When Eliot's poetry is first presented in high school, it is so easy to see only the ugliness of life he presents. And certainly there is much of that in The Waste Land. He, after all, is presenting a dry, lifeless waste land. It begins with the voices of the dead saying they prefer winter ("Winter kept us warm, covering/Earth in forgetful snow). It mocks the frailty of those thought to be in touch with the divine ("Madame Sosostris, famous clairvoyante,/Had a bad cold, nevertheless/Is known to be the wisest woman in Europe.") It describes the crowds of London as if they are in Dante's circles of Hell. This is not happy stuff. But after depicting a dry, desolate waste land full of death, false voices and loveless sex, there is hope at the end. Perhaps there is only rock and no water. Or perhaps there is water--the promise of life. Perhaps there is a spring of water. "Who is the third who walks always beside you?" Christ has returned and now "the grass is singing/over the tumbled graves."

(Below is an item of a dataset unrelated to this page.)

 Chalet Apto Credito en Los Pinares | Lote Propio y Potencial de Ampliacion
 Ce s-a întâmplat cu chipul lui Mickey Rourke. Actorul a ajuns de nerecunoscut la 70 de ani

The joy shown in the last section of The Waste Land can only be felt by seeing the ugliness of all that precedes it. That helps me to understand the importance of Lent. Having a period of solemnness in which we reflect upon our sinfulness allows us to rejoice all the more in the power of Christ's victory over death.
The first time I went to Easter Vigil (the Mass held on Saturday night that ushers in Easter) I went to the Dominican House of Studies near the Catholic University of America in D.C. One could not find a more beautiful and appropriate setting than this medieval-esque chapel to experience Easter Vigil. Following a bonfire at which the Easter Candle is lit, Easter Vigil begins in darkness. In that darkness, there are numerous readings from the Old Testament that explain the Covenant with Israel and foretell the coming salvation. Then the Gloria is sung. The lights come on and you are surrounded by Easter lilies and the beauty of Easter. This is even more pronounced at the Dominican House of Studies, where the friars removed their black cloaks worn during winter to reveal the white Dominican garb. Easter has arrived and there is life where there was once death.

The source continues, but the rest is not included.